ASSIGNMENT.
Copy out the data below from the line containing "Universal kabir singh" to the line containing "Vehicle image 14 of 39", both lines included, with all images left out.

PROVIDED RECORDS.
· · · ·

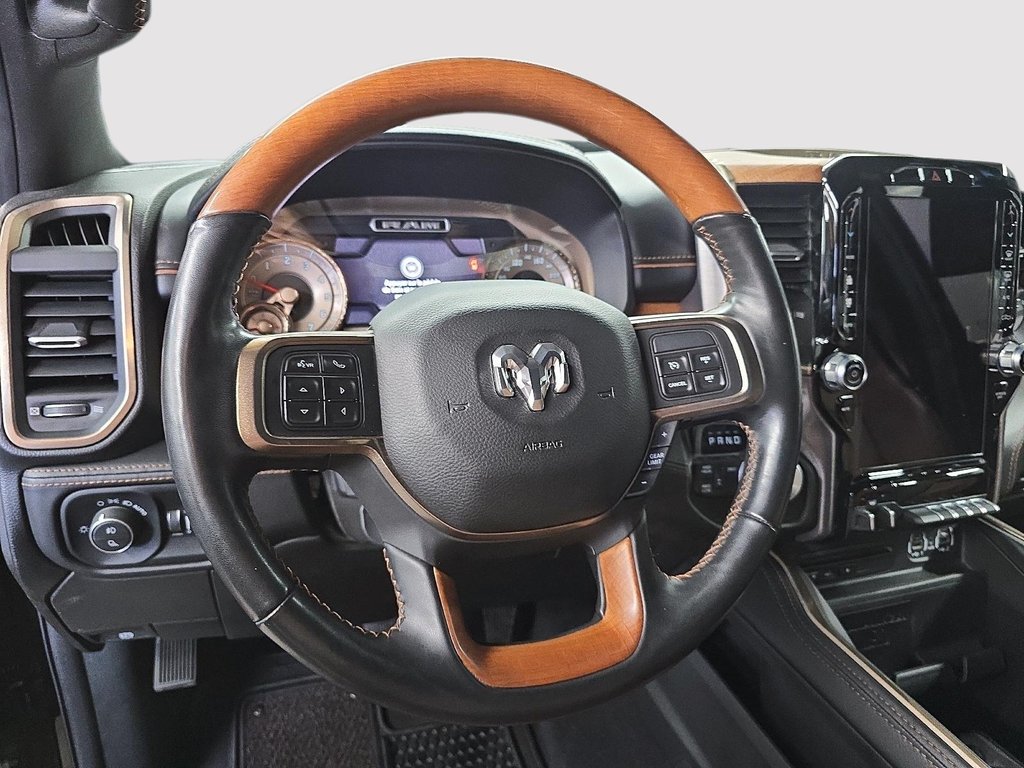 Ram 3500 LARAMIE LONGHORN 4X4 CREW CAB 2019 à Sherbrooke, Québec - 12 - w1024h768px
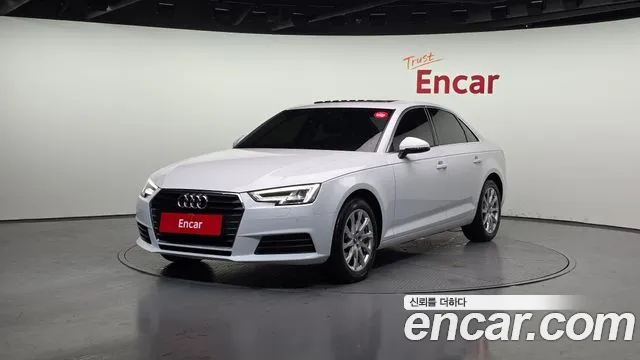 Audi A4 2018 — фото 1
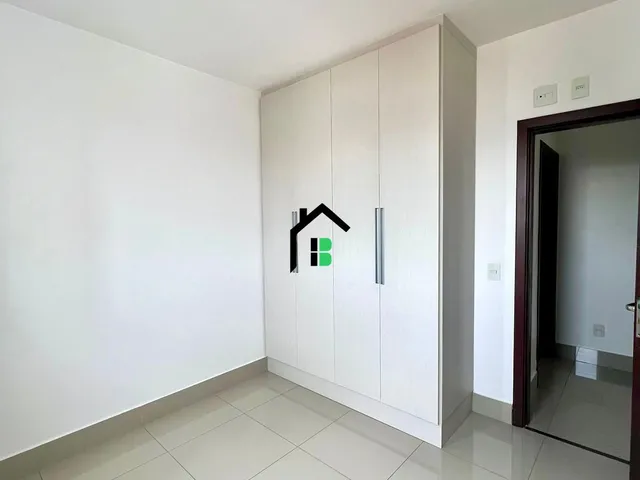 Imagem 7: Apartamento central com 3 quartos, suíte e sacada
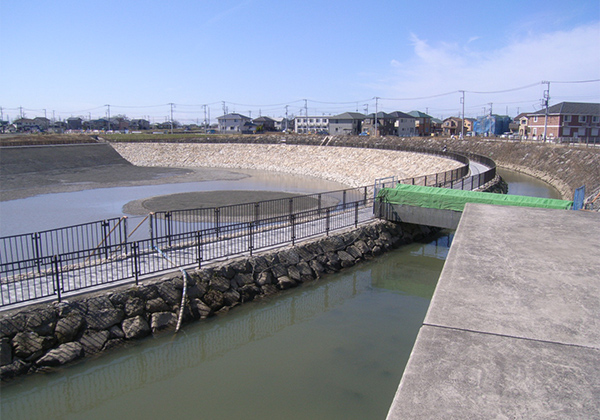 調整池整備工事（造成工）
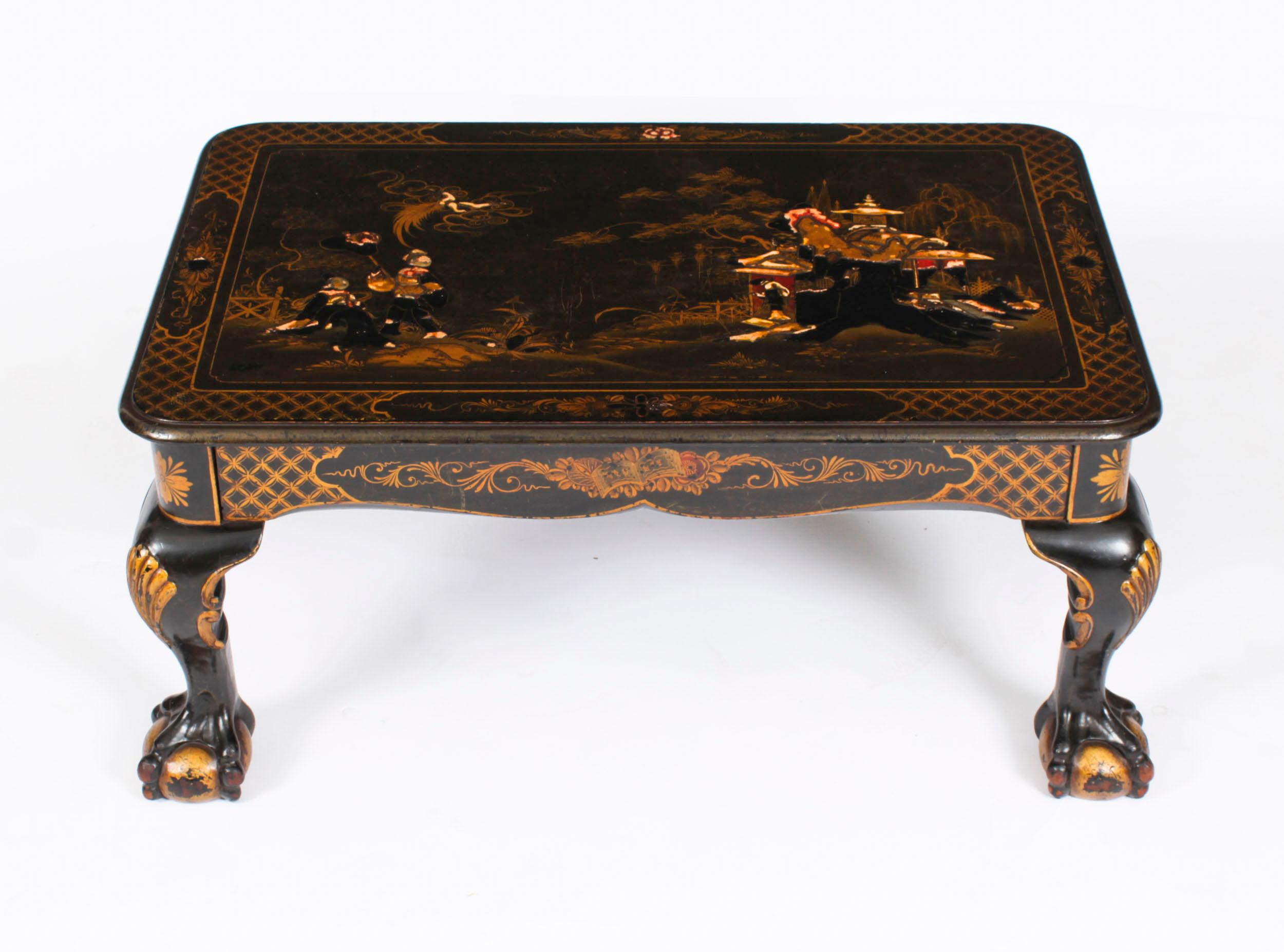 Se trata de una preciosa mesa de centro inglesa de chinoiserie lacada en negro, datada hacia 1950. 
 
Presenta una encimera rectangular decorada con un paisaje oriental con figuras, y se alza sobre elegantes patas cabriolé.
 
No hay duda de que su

· · · ·

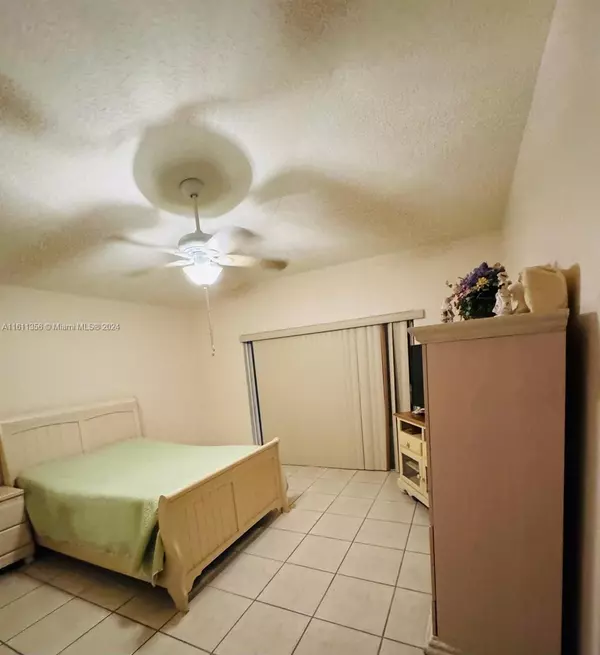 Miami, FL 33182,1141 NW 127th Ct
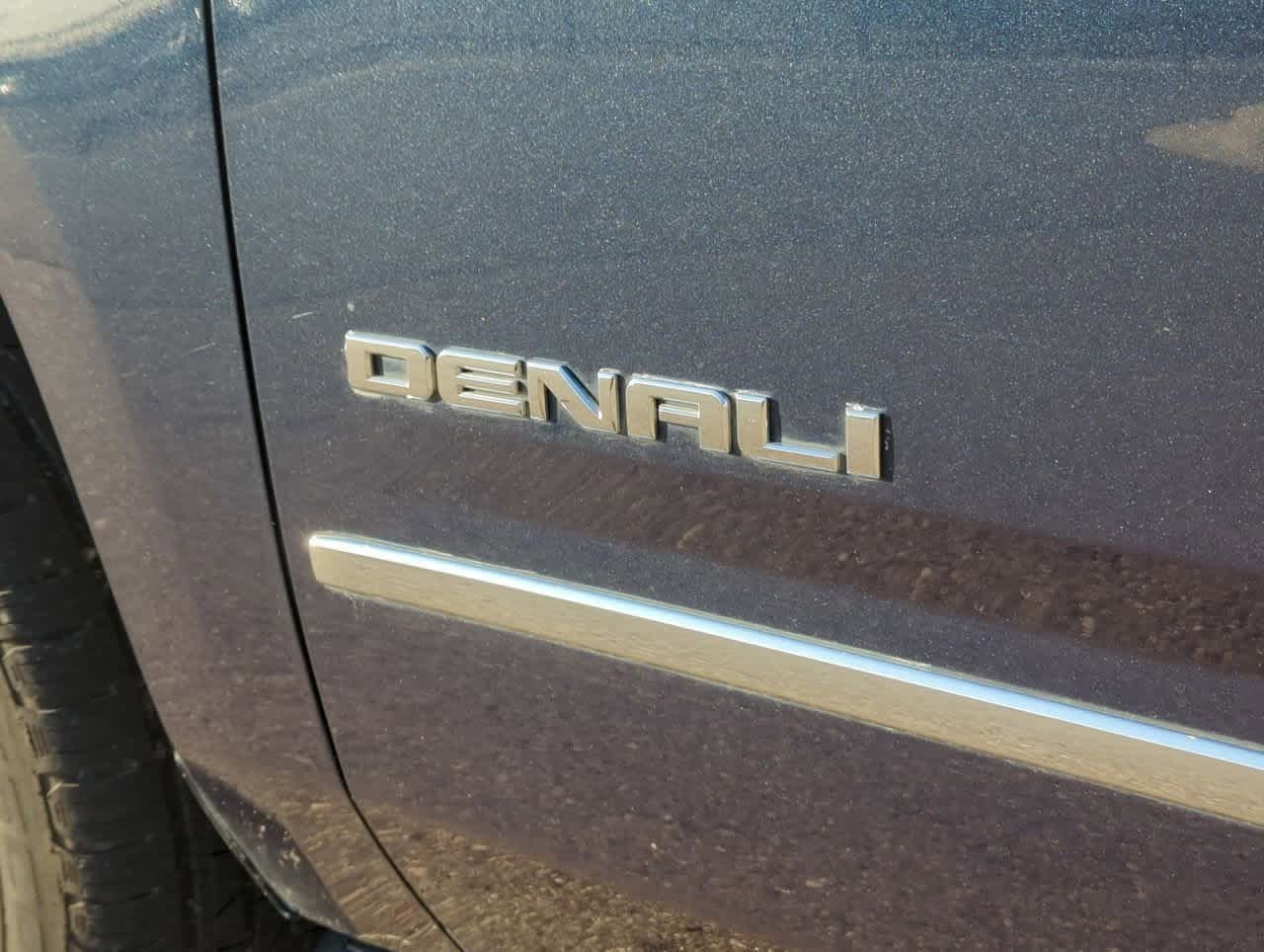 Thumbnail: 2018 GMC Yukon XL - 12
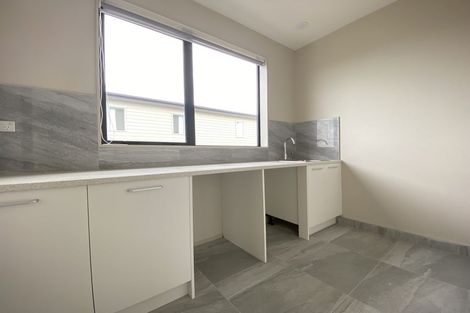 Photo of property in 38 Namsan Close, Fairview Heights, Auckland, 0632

· · · ·

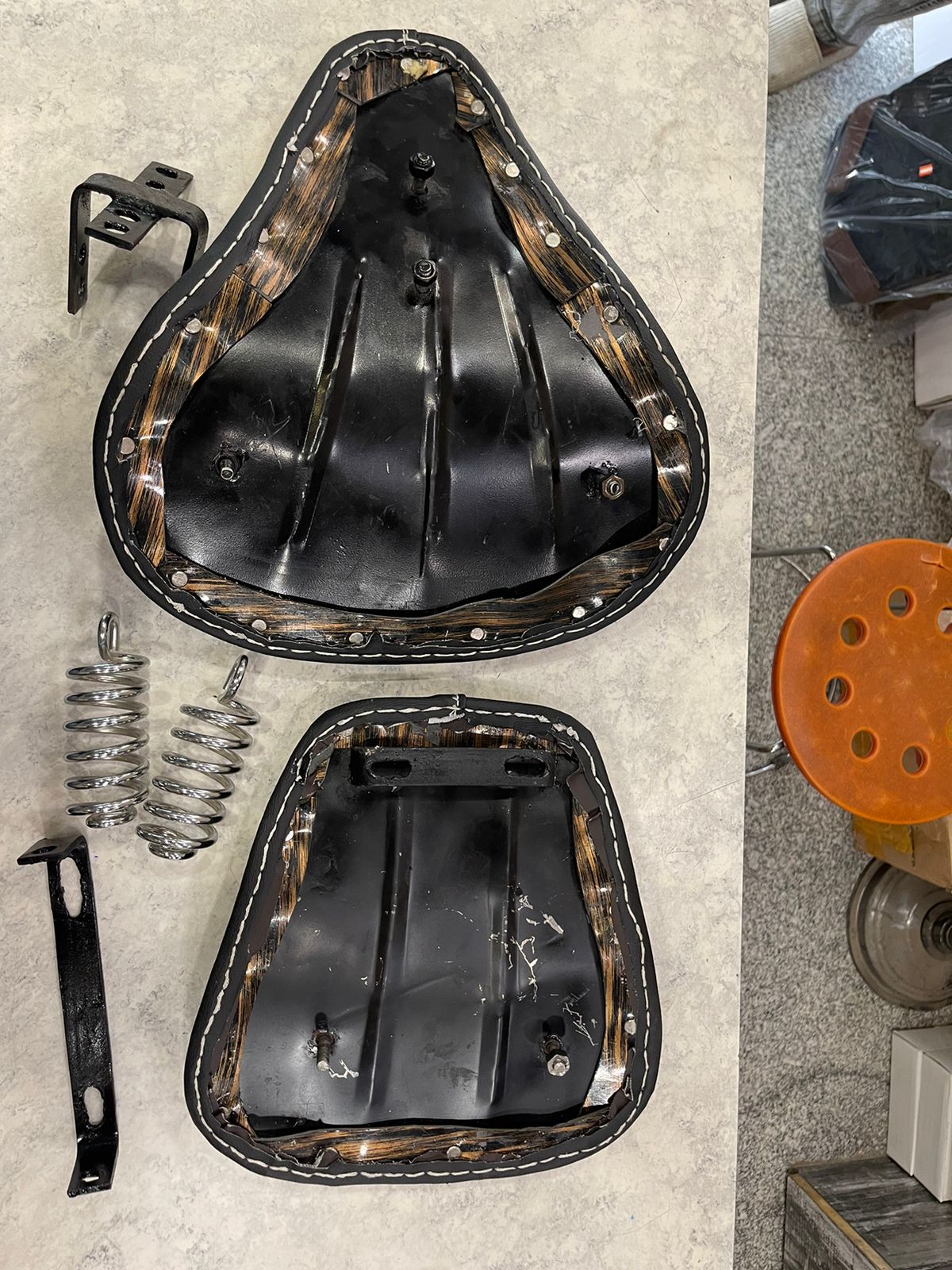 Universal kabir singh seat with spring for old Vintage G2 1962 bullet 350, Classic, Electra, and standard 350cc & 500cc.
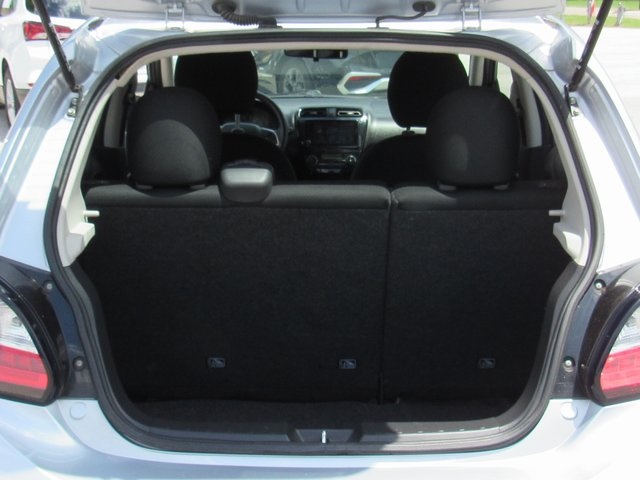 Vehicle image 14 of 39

· · · ·

TASK ANSWER.
 Universal kabir singh seat with spring for old Vintage G2 1962 bullet 350, Classic, Electra, and standard 350cc & 500cc.
 Vehicle image 14 of 39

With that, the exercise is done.